NASM - The Netwide Assembler

NASM Forum => Programming with NASM => Topic started by: ashwin on February 19, 2012, 05:06:14 AM

Title: problem with linear search
Post by: ashwin on February 19, 2012, 05:06:14 AM
so i have written this program for linear search that first takes the number of numbers of array as input. then the user inputs the numbers and finally the number to be searched.it then searches from the last element and prints the position of the first match it finds and if no match is found, it prints "element not found".now the programs works fine as long as all the numbers of the array are below 256 but even if one of the inputs is above or equal to 256, the program doesnt work properly and i have no idea why.

Code: [Select]
section .data

msg1 : db "enter the number of elements of array : ", 10, 13
len1 : equ $-msg1
msg2 : db "enter the elements : ", 10, 13
len2 : equ $-msg2
msg3 : db "enter the element to be searched : ", 10, 13
len3 : equ $-msg3
msg4: db "element found at position : ", 10, 13
len4: equ $-msg4
msg5: db "element not found !! ", 10, 13
len5: equ $-msg5



section .bss

no: resd 1
no2: resd 1
divide: resd 1
dispcount: resd 1
no_of_elements: resd 1
array: resd 50
temp: resd 1
element: resd 1
pos: resd 1



section .text
global _start

_start:
mov eax, 4
mov ebx, 1
mov ecx, msg1
mov edx, len1
int 80h

call getnumber

mov eax, [no]
mov [no_of_elements], eax

mov eax, 4
mov ebx, 1
mov ecx, msg2
mov edx, len2
int 80h

mov eax, [no_of_elements]
mov [temp], eax


getarr:
cmp dword [temp], 0
je donegetno

call getnumber

mov eax, [no]
push eax

dec dword [temp]
jmp getarr

donegetno:

mov eax, 4
mov ebx, 1
mov ecx, msg3
mov edx, len3
int 80h

call getnumber

mov eax, [no]
mov [element], eax

mov ebx, [no_of_elements]
mov [temp], ebx


search:
pop eax

mov [no], eax

cmp [element], eax
je found

dec dword [temp]

cmp dword [temp], 0
jne search

jmp notfound

found :
add dword [temp], 30h

mov eax, 4
mov ebx, 1
mov ecx, msg4
mov edx, len4
int 80h

mov eax, 4
mov ebx, 1
mov ecx, temp
mov edx, 1
int 80h

mov dword [no], 10

mov eax, 4
mov ebx, 1
mov ecx, no
mov edx, 1
int 80h

jmp exit

notfound :
mov eax, 4
mov ebx, 1
mov ecx, msg5
mov edx, len5
int 80h

exit:
mov eax, 1
mov ebx, 0
int 80h


getnumber:
mov eax, 3
mov ebx, 0
mov ecx, no
mov edx, 1
int 80h

sub dword [no], 30h

l1: mov eax, 3
mov ebx, 0
mov ecx, no2
mov edx, 1
int 80h

cmp dword [no2], 10d
je done

sub dword [no2], 30h

mov eax, dword [no]
mov ecx, 10
mul ecx

mov edx, 0

add eax, dword [no2]
mov dword [no], eax

jmp l1

done:
ret

Title: Re: problem with linear search
Post by: Frank Kotler on February 19, 2012, 12:54:22 PM
Well, that's... interesting! Your "getnumber" routine is... unusual... but it works... almost.

Code: [Select]
getnumber:
mov eax, 3
mov ebx, 0
mov ecx, no
mov edx, 1
int 80h

At this point, you put one and only one byte into [no]. This will overwrite any "previous garbage", unless the "previous garbage" exceeds one byte - 255. If the previous number was bigger than 255, there's some "crud" left in [no] which doesn't get handled properly! This results in the final number being not what you intended - not even close.

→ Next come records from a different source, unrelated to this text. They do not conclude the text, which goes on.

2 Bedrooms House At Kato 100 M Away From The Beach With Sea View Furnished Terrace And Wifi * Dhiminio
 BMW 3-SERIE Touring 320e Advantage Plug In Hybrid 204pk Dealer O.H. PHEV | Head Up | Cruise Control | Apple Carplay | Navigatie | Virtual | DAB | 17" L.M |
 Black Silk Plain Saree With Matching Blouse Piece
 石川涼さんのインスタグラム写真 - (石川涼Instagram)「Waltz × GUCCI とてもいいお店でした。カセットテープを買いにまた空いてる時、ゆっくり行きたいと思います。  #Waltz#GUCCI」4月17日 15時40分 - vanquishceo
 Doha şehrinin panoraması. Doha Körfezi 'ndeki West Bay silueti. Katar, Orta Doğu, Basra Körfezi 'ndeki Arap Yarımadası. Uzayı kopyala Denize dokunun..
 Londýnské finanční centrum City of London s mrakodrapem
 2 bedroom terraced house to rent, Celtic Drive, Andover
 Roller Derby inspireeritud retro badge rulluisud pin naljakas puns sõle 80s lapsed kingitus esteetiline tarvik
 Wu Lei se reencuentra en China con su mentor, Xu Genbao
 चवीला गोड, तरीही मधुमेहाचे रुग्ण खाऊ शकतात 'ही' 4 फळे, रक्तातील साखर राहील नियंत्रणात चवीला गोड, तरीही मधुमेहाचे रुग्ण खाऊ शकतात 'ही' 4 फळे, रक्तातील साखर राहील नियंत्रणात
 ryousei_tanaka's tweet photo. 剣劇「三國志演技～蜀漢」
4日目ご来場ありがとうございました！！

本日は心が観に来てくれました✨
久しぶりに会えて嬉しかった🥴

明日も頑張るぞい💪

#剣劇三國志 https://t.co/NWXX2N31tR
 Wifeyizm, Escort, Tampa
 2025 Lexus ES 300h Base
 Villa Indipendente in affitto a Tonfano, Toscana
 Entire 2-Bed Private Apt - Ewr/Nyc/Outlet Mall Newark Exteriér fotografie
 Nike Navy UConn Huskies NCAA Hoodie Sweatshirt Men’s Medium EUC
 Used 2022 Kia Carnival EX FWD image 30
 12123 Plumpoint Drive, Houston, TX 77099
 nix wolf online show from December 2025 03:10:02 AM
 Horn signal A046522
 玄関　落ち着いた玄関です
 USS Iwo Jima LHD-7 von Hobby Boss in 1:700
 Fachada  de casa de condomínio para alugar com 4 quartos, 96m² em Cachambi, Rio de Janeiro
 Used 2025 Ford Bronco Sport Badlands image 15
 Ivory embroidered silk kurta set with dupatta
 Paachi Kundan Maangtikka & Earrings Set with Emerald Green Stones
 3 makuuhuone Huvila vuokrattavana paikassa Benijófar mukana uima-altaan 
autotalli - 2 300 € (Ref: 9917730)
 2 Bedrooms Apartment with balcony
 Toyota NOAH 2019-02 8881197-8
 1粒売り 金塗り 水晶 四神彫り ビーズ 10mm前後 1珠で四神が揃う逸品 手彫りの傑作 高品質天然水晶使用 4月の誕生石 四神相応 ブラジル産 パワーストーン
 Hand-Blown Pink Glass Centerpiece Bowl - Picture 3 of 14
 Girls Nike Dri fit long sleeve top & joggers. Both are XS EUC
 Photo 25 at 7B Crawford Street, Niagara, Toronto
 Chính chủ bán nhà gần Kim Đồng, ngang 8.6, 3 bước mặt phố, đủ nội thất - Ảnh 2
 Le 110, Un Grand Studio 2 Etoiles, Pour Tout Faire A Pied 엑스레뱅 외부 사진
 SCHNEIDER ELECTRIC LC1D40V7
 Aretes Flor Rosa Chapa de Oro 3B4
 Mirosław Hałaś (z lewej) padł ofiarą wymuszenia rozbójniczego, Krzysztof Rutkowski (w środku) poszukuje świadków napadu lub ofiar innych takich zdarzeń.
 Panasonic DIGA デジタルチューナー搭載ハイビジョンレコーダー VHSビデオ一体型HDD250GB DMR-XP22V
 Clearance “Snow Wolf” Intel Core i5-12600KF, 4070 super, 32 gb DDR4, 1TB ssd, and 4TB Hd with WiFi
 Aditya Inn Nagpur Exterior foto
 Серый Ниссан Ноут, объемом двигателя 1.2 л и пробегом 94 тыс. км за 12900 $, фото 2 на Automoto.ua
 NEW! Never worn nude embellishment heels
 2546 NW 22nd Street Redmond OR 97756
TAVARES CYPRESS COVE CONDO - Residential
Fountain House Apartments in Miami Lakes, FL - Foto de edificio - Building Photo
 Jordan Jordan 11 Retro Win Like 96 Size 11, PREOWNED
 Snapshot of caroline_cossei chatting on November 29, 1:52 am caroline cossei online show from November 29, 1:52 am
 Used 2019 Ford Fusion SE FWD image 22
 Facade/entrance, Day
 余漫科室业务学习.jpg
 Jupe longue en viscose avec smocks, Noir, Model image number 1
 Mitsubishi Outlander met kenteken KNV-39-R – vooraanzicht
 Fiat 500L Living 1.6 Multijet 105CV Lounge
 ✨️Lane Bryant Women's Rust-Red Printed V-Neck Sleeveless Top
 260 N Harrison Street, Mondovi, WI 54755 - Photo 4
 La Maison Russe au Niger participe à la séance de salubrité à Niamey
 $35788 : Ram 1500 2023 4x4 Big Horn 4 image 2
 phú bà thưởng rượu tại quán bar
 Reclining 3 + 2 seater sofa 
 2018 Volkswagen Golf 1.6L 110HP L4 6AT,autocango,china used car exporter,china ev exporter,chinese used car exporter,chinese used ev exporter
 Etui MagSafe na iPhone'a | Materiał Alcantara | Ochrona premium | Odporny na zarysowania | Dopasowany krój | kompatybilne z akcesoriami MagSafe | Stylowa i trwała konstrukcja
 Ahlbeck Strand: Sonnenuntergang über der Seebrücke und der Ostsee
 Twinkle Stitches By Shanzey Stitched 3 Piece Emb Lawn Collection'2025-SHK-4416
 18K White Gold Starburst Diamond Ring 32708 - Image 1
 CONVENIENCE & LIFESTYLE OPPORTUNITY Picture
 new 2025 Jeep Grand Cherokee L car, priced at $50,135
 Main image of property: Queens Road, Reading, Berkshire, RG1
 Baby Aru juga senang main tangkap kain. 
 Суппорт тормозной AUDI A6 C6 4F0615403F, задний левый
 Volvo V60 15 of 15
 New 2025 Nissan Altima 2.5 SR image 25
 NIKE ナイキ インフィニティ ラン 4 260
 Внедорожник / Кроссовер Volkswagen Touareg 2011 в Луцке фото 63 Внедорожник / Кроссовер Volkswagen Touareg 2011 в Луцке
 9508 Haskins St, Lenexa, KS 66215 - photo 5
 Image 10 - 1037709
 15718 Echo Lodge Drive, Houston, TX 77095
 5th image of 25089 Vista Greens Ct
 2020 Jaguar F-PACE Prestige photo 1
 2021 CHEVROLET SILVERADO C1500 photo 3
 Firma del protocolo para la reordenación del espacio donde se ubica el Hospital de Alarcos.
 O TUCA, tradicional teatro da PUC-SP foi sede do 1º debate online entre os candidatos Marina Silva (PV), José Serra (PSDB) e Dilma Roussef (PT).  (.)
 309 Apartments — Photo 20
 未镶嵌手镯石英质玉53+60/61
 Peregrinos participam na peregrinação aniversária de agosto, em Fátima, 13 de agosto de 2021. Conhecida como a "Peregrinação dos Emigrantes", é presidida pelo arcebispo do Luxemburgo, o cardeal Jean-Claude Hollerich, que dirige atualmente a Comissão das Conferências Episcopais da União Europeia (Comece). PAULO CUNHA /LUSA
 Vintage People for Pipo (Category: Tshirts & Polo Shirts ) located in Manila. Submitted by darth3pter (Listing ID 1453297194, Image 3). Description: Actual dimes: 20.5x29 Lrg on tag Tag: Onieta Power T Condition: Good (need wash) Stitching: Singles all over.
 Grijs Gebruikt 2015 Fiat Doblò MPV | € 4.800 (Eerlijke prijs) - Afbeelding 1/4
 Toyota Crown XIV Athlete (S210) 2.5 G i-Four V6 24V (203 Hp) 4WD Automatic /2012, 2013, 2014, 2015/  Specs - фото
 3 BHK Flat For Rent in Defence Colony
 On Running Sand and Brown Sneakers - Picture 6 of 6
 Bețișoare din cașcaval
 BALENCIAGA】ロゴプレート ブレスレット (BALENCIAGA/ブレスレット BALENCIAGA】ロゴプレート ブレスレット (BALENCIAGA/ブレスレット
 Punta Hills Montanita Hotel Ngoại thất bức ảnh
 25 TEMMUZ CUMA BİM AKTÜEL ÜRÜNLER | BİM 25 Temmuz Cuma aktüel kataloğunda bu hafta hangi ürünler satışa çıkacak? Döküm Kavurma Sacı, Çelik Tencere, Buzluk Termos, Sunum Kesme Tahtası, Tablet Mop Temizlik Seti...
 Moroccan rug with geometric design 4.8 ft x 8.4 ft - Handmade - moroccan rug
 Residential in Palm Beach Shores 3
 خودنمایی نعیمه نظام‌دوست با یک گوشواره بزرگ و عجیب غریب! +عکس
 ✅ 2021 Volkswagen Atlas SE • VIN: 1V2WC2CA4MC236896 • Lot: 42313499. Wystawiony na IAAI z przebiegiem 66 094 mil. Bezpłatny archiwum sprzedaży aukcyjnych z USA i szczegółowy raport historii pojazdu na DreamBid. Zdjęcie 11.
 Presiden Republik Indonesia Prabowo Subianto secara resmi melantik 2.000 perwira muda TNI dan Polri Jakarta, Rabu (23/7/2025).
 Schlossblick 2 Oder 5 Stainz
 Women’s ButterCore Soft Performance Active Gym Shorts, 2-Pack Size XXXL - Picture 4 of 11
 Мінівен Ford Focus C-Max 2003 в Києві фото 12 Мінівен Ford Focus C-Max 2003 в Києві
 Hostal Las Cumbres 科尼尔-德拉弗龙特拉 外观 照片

We can (apparently) fix this be clearing out [no] before starting each "getnumber"....

Code: [Select]
getnumber:
        mov dword [no], 0
mov eax, 3
mov ebx, 0
mov ecx, no
mov edx, 1
int 80h

This is still going to have problems if the pesky user enters a non-digit - they'll enter any old thing that comes into their head, y'know - but it seems to solve your immediate puzzle. (not tested extensively, but "seems to work")

Best,
Frank

Title: Re: problem with linear search
Post by: ashwin on February 19, 2012, 04:56:22 PM
Thanks for the prompt reply Frank. and yes, that does solve my problem.  :D

but you did say my method version of getnumber was quite unusual. i'm just a novice assembly language programmer and this is just some code i thought up by myself. what would be a better method to get integer inputs??  ???
Title: Re: problem with linear search
Post by: Frank Kotler on February 20, 2012, 07:43:47 AM
There are different ways of doing it. Your way isn't bad. The general idea is:

; zero out the "result so far"
top:
; get a character
; make sure it's a valid decimal digit
; if so, multiply the "result so far" by ten
; add in the "new" character, with '0' subtracted to "convert" from a character to the number it represents
; do more

That's what you did, except that you used "[no]" both as a buffer for the first character and as "result so far", and it only got cleared if it was less than 256, resulting in that weird behavior.

You could also figure out in advance how many characters you had, and multiply by 10000, 1000, 1000, 10 as required (subtracting '0' first), but multiplying "result so far" by 10 each time does the same thing without having to know in advance how many characters we've got. Does a useless "0 x 10" the first time through, but that does no harm...

I like to read the whole "string" before starting, rather than reading one character at a time. As you've probably figured out, sys_read on stdin doesn't actually return until "enter" is hit. You get edx characters, and any excess stays in the OS's i/o buffer, to be read next time. This was throwing me for a loop trying to run your program in a debugger. I'd type "123", the sys_read would get the "1" and the "23" would show up at the debugger's prompt, causing an error!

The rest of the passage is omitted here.